*WHAT THE EXERCISE ASKS*
Using the material below, repeat exactly the lines from the one with "Vivienne Westwood Maglione" through the one with "Lifestyle Women Plus", ends included, without any images.

--*--

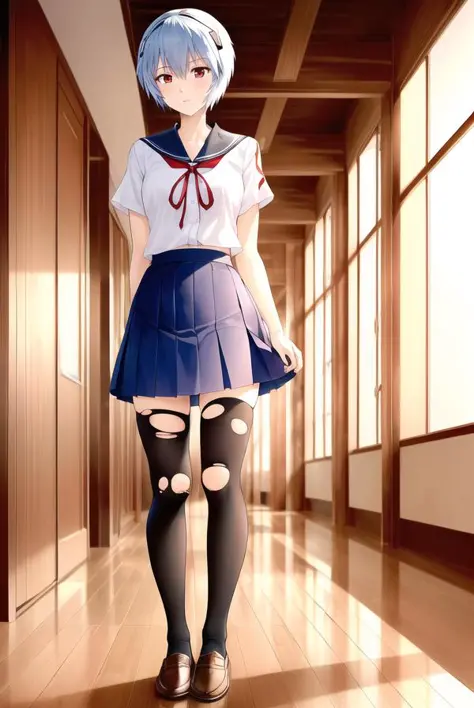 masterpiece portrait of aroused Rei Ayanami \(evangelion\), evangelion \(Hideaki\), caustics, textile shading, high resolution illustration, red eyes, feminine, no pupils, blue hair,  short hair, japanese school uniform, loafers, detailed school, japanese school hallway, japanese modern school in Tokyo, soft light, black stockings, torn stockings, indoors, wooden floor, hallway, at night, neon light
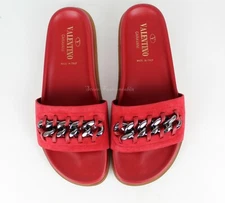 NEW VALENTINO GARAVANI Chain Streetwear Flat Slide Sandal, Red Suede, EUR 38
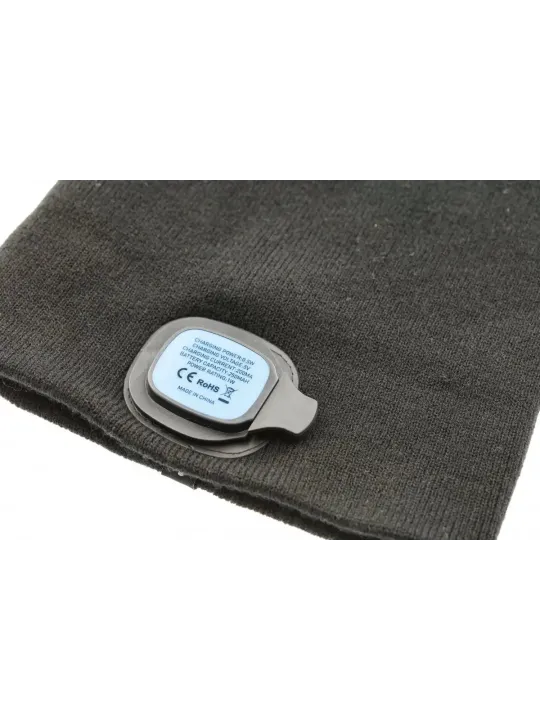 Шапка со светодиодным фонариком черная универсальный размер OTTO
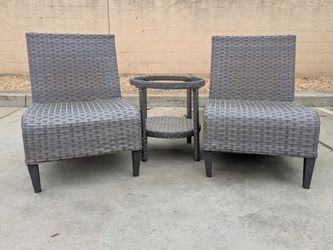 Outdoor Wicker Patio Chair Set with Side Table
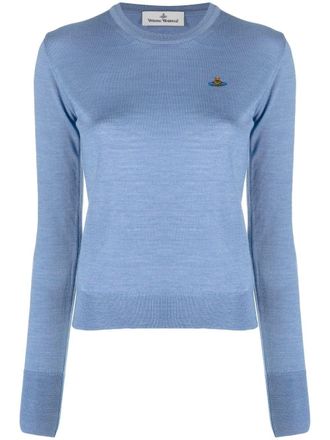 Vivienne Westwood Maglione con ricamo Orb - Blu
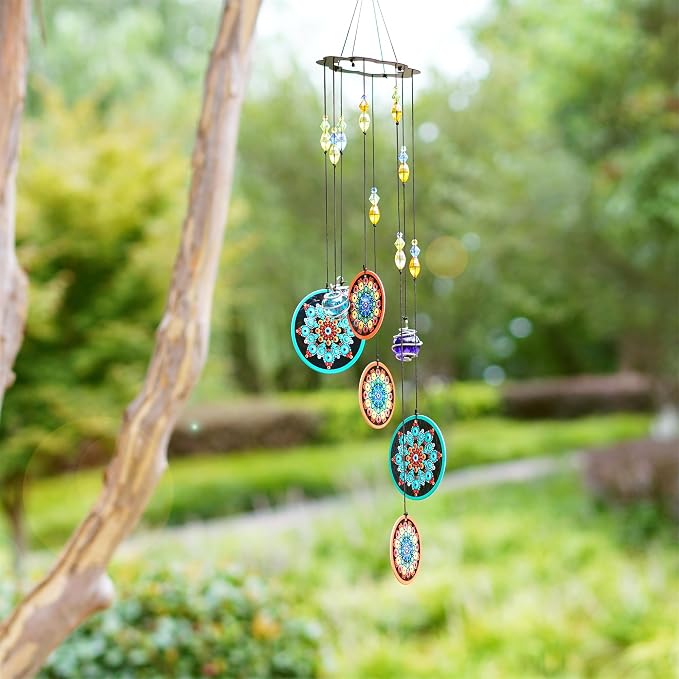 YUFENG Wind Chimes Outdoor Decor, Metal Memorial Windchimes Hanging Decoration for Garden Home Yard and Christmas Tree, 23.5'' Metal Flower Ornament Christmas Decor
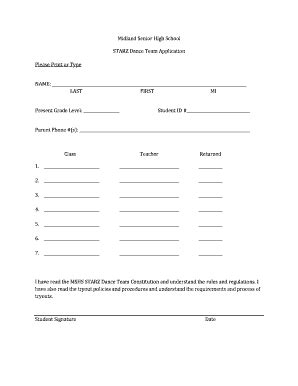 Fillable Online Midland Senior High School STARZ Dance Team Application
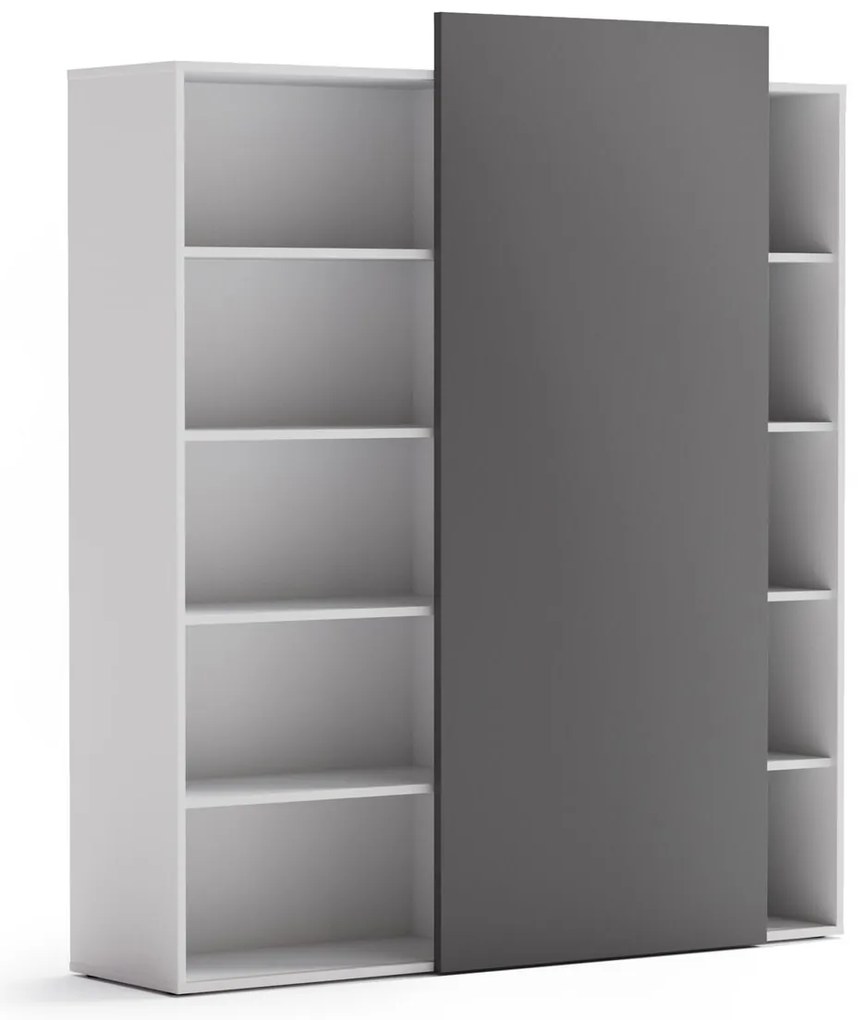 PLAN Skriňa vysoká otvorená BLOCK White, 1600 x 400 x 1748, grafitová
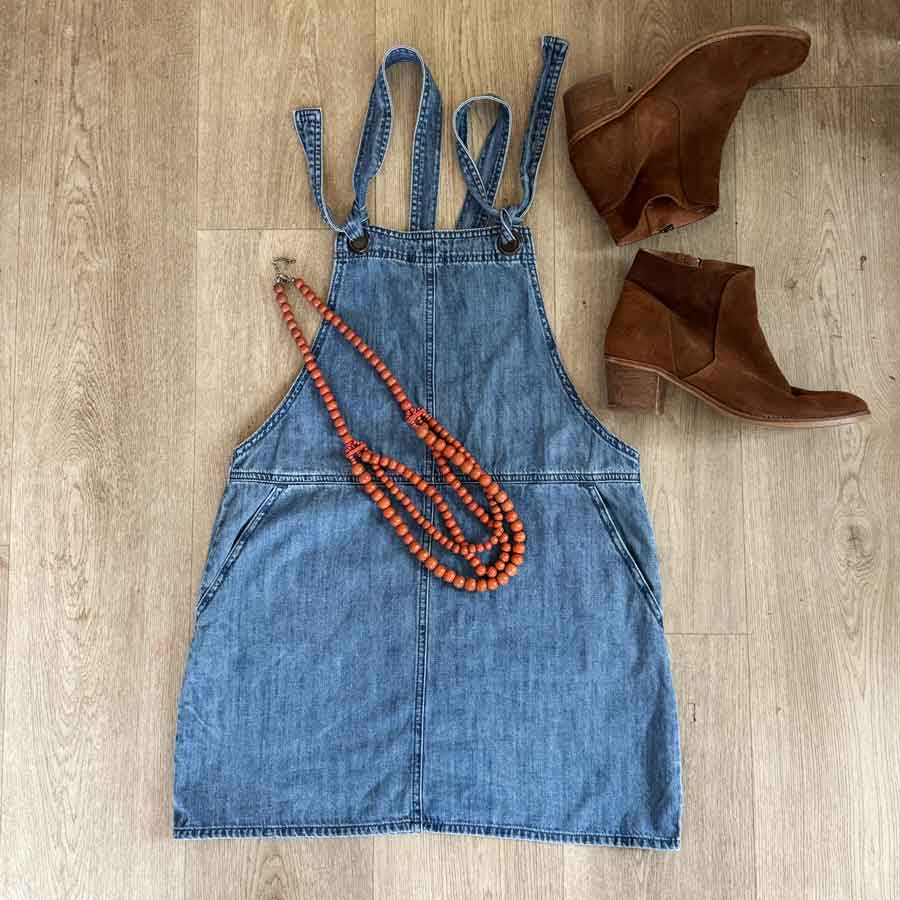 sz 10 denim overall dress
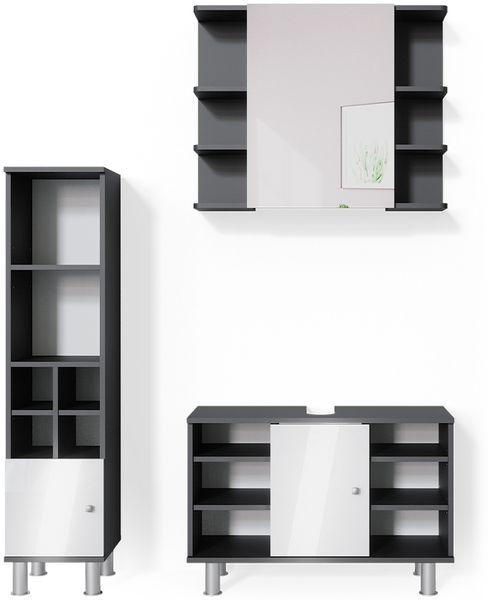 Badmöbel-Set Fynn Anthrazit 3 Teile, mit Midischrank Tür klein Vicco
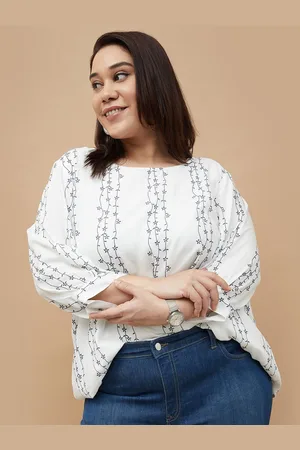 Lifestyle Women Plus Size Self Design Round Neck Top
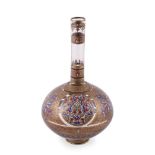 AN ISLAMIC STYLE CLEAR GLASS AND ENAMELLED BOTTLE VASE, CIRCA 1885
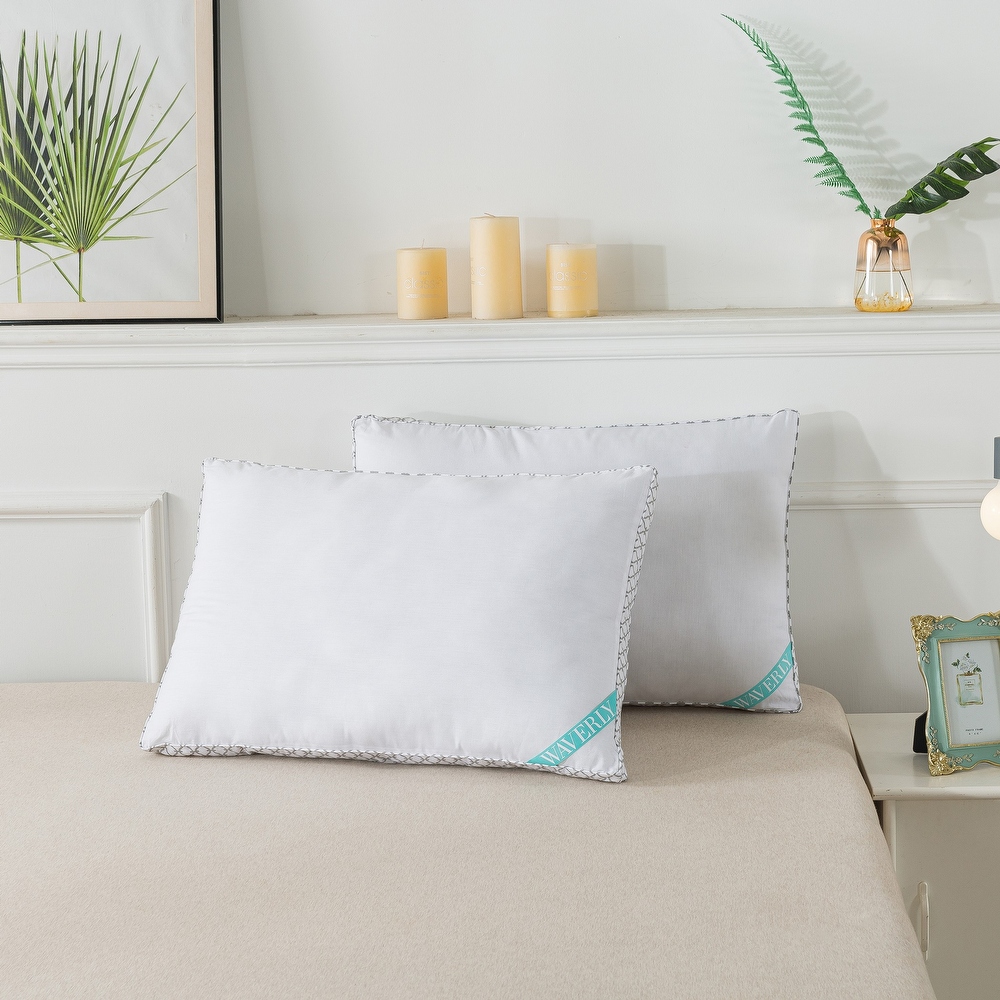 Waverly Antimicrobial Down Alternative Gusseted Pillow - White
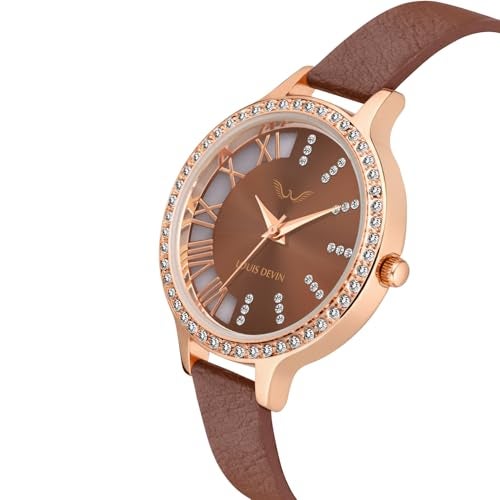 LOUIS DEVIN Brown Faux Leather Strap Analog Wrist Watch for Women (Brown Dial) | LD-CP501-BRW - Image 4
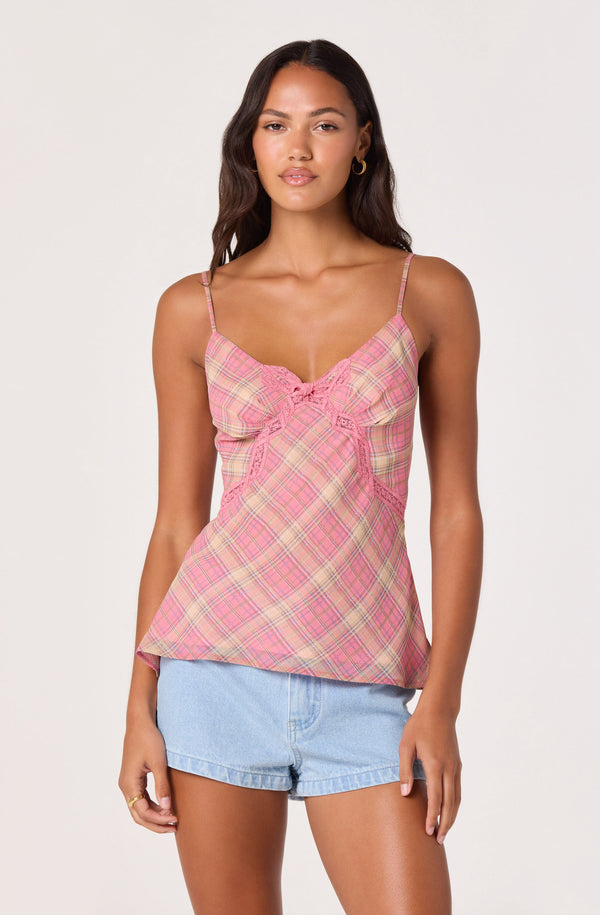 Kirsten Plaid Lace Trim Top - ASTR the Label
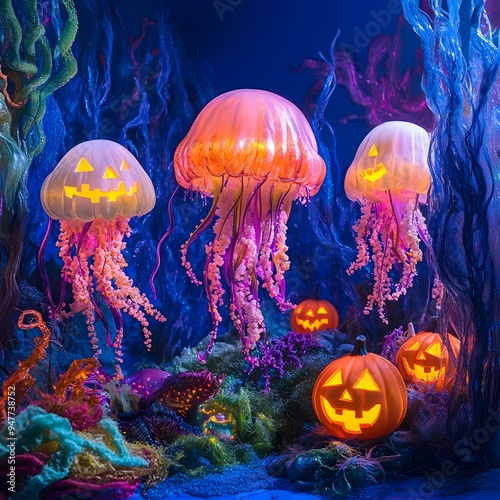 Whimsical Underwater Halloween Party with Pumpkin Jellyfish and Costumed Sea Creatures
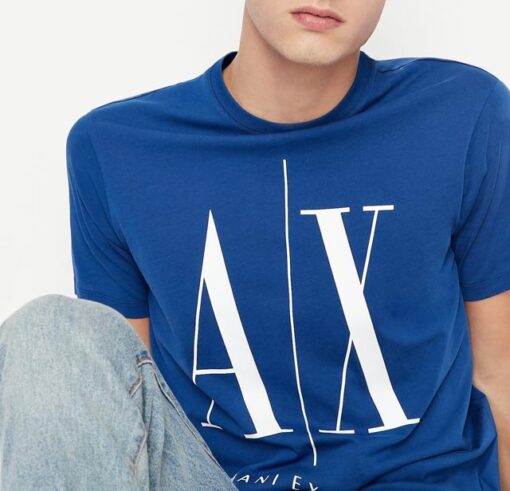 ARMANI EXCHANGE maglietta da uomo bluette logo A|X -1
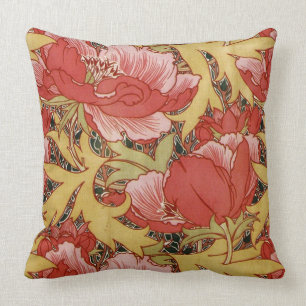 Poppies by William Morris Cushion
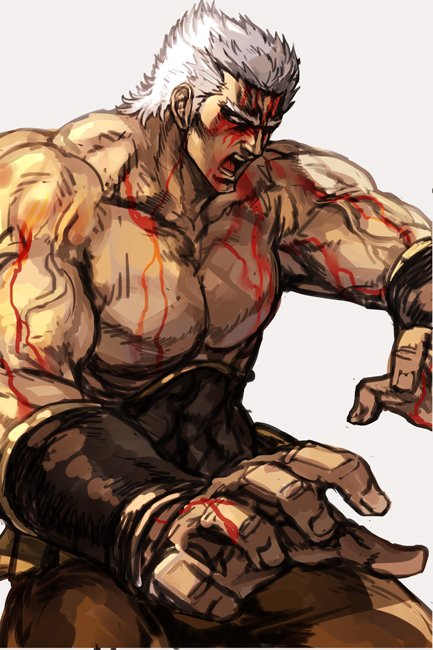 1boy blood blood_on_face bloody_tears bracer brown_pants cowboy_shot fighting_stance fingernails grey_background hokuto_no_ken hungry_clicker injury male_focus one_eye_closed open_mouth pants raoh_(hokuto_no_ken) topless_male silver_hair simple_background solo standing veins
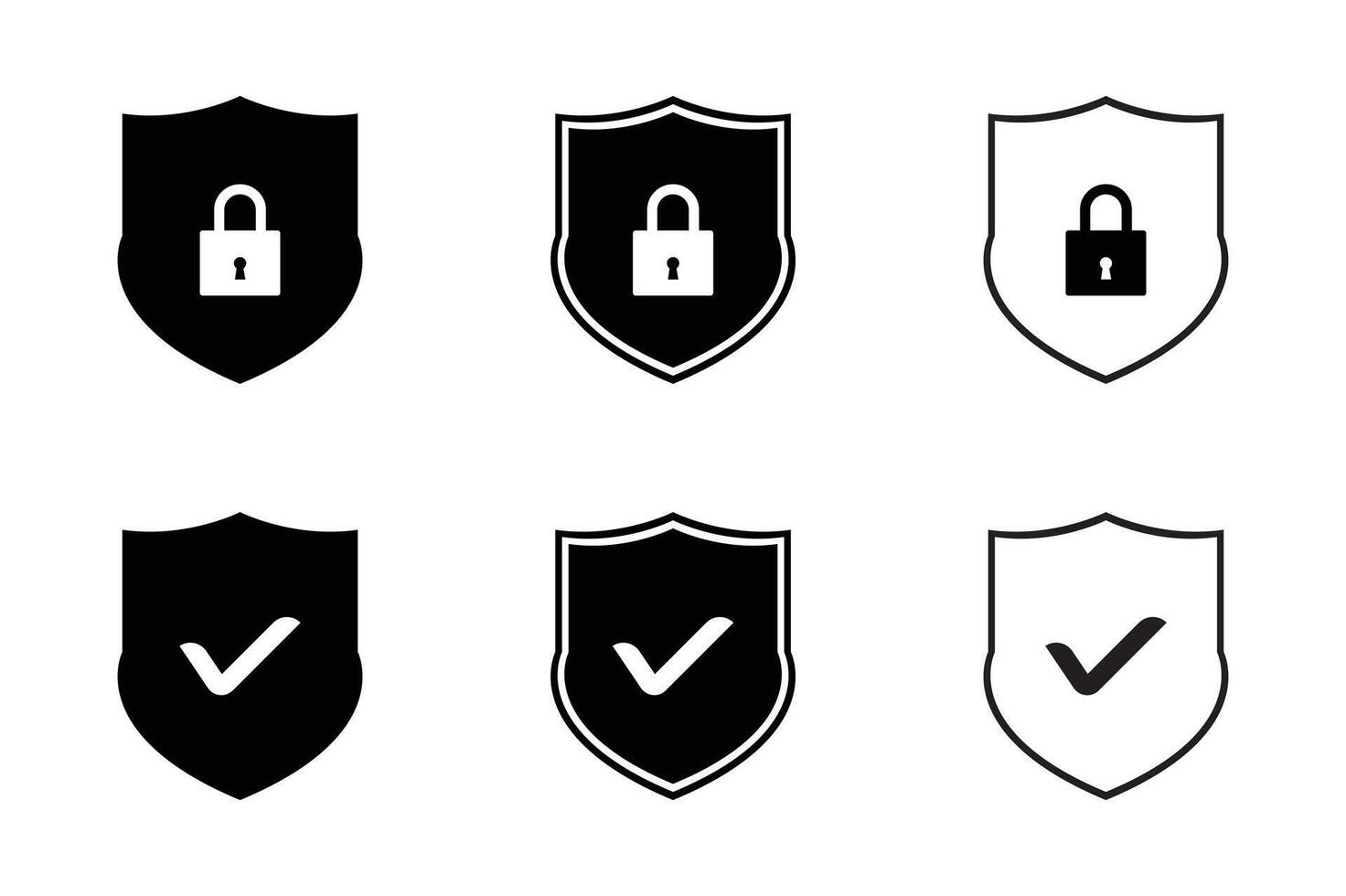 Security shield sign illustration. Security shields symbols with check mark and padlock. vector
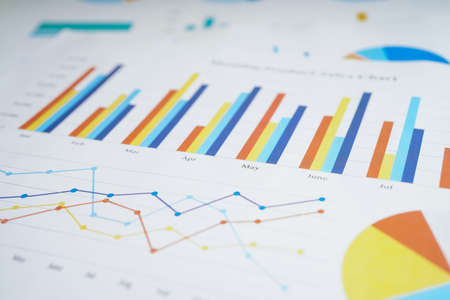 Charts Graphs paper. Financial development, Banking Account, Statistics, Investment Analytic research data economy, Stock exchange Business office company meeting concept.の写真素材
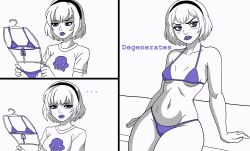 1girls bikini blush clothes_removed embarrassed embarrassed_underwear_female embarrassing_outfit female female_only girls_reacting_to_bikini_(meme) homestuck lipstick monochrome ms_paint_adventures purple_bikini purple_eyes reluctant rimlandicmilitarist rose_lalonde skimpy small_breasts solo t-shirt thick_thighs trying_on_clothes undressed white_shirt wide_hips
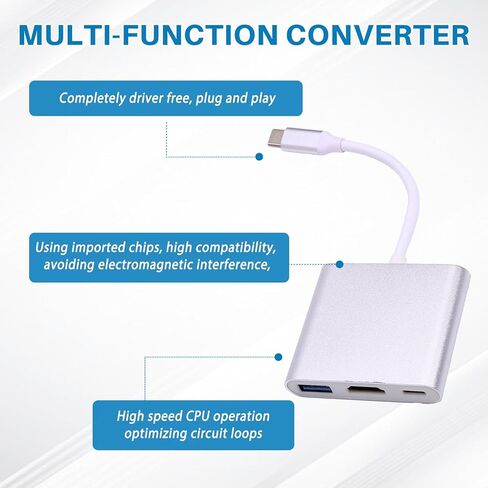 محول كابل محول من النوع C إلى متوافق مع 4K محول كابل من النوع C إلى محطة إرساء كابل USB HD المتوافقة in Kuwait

--*--

*THE COMPLETED TASK*
 Vivienne Westwood Maglione con ricamo Orb - Blu
 YUFENG Wind Chimes Outdoor Decor, Metal Memorial Windchimes Hanging Decoration for Garden Home Yard and Christmas Tree, 23.5'' Metal Flower Ornament Christmas Decor
 Fillable Online Midland Senior High School STARZ Dance Team Application
 PLAN Skriňa vysoká otvorená BLOCK White, 1600 x 400 x 1748, grafitová
 sz 10 denim overall dress
 Badmöbel-Set Fynn Anthrazit 3 Teile, mit Midischrank Tür klein Vicco
 Lifestyle Women Plus Size Self Design Round Neck Top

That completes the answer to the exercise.